In legal usage, Possessory forms several compounds.

==Conventional meanings==
Possessory means, ordinarily:
(1) of or pertaining to a possessor;
(2) arising from possession (e.g. possessory interest) or
(3) that is a possessor (e.g. possessory conservator).

==Compounds==
- possessory interest, a temporary, qualified property in the things of which the mere possession is delivered to a person.
- possessory action, an action brought to recover possession of property. An action to recover possession of real estate, such as ejectment. An action to recover possession of personal property, such as replevin. In Louisiana, an action to recover the possession of immovable property is called a possessory action.
- possessory conservator
- possessory judgment, a judgment which establishes the right to possession.
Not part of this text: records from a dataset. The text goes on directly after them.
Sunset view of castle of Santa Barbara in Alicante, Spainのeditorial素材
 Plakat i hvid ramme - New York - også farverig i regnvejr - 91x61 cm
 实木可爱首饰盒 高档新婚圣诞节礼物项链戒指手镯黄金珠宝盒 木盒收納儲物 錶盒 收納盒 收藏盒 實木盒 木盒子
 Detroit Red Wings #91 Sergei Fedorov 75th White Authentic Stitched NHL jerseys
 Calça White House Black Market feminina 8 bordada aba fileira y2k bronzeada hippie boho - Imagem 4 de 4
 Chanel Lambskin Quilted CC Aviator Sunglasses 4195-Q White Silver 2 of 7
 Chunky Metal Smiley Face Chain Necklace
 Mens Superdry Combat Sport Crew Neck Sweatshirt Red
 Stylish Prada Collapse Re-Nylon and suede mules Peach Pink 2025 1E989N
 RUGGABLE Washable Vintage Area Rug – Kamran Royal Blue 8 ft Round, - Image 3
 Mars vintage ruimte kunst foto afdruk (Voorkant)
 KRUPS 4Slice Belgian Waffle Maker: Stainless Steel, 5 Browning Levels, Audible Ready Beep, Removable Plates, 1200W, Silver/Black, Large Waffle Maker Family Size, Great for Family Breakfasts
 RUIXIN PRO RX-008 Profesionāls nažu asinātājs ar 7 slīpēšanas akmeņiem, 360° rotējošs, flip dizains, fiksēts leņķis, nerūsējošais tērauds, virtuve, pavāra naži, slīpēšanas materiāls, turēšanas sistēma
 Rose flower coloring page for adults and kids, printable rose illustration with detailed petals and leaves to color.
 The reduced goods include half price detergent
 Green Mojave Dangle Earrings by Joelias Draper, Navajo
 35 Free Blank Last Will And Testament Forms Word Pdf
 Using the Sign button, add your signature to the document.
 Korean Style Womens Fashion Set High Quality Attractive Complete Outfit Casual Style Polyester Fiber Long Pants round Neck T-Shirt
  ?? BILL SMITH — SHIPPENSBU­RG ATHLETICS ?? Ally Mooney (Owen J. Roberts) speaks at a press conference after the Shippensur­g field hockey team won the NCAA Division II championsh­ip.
In Scots law, a judgment giving a party the right to possession until the question of possession is decided in due course of law.
- possessory lien, a lien which continues only during the possession of the lienor.
- possessory proceeding See possessory action; summary possessory proceeding.
- possessory warrant, a process resembling a search warrant used in criminal proceedings, but differing in that it is a civil process under which the property is to be delivered to the person from whom it was violently or fraudulently taken or enticed away or in whose peaceable and lawful possession it last was.
- summary possessory proceeding, a proceeding, summary in character, to which a landlord may resort for the recovery or possession of leased premises when he becomes entitled to possession.